On one hand, these visits reaffirm U.S. support for Ukraine. Some Ukrainians even see this as being one of the United States’ most powerful foreign policy tools. “The constant presence is what we really need,” a former member of parliament told me. “When someone is in the hospital, sending money isn’t as meaningful as showing up with flowers.” This person quickly clarified that Ukraine was certainly “not sick."

Yet, on the other hand, it’s hard to tell what actually comes from these political visits. Each trip is a significant logistical enterprise both for the U.S. Embassy and for the receiving government officials. And, how much these visitors are adding to the discussion seems debatable. “I’ve heard this ten times before,” a Ukrainian colleague bemoaned as we left the Power event.

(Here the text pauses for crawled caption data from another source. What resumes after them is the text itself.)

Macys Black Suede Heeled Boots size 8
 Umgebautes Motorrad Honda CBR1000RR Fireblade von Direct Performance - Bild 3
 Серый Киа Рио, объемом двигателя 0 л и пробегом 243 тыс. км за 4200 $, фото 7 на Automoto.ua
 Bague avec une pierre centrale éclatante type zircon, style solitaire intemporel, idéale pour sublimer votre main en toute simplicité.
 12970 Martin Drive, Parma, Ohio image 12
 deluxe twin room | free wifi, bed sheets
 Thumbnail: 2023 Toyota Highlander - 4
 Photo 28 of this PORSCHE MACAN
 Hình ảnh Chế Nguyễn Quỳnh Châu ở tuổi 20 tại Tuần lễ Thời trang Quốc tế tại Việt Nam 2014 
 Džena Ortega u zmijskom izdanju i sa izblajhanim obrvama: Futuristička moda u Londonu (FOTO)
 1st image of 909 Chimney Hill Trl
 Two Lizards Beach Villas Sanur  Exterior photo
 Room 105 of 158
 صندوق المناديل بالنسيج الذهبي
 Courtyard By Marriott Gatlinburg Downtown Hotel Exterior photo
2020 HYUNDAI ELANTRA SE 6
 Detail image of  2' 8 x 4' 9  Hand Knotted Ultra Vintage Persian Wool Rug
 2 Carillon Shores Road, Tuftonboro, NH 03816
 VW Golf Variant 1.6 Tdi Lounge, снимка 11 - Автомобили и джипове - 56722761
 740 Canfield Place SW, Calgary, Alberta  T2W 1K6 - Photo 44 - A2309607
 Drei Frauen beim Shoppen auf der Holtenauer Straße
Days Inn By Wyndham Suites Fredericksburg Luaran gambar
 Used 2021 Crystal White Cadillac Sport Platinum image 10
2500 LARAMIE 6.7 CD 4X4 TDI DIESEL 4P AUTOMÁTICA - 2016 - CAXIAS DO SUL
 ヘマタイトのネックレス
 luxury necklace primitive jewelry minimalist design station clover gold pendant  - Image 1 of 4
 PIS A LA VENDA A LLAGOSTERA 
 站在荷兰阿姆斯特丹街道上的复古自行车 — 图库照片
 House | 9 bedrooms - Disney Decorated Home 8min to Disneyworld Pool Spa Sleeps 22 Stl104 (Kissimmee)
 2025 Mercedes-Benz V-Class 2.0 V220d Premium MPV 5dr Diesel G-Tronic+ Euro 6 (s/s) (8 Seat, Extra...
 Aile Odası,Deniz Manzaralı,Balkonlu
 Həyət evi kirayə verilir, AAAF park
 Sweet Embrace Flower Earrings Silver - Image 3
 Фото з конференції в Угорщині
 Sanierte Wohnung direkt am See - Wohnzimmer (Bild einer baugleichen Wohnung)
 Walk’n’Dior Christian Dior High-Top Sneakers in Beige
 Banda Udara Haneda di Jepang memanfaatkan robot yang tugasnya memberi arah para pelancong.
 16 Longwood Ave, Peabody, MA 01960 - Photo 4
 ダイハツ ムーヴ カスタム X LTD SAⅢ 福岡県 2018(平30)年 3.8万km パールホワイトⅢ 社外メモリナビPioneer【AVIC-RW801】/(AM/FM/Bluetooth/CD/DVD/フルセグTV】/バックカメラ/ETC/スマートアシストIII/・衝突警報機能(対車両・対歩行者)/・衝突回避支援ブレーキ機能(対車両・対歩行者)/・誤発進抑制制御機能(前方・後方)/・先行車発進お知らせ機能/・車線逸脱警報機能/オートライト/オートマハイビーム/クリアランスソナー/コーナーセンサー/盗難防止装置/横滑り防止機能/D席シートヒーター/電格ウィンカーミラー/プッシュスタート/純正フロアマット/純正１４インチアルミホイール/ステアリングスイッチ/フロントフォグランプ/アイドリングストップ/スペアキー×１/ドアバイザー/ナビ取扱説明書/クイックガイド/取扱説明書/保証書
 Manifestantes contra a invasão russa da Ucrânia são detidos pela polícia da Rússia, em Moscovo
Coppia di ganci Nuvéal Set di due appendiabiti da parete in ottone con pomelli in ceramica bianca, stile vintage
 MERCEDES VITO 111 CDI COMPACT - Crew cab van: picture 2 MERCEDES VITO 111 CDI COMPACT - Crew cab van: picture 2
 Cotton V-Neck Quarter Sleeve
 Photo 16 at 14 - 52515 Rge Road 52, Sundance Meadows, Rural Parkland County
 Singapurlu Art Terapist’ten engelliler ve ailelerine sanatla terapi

Certainly, these trips help create a more informed U.S. government that will ideally lead to better policy. The issues running through this part of the world are complex, and more time on the ground will likely only help policymakers to grasp this reality and their possible options. A more cynical view might also suggest that at least for members of Congress, these visits serve to strengthen security and foreign policy credentials by identifying the members with a dream narrative harkening back to more black-and-white, Cold War times.

To be fair, Congress has repeatedly passed bills authorizing hundreds of millions of dollars in military aid to Ukraine. Member pressure on the Obama administration to do something more for supporting and arming Ukraine has been significant.

As the year goes on, more delegations of U.S. officials will surely touch down in the Kyiv Boryspil airport. Ukrainians can only hope the explosion of frequent flier miles will amount to something more meaningful than a few free upgrades.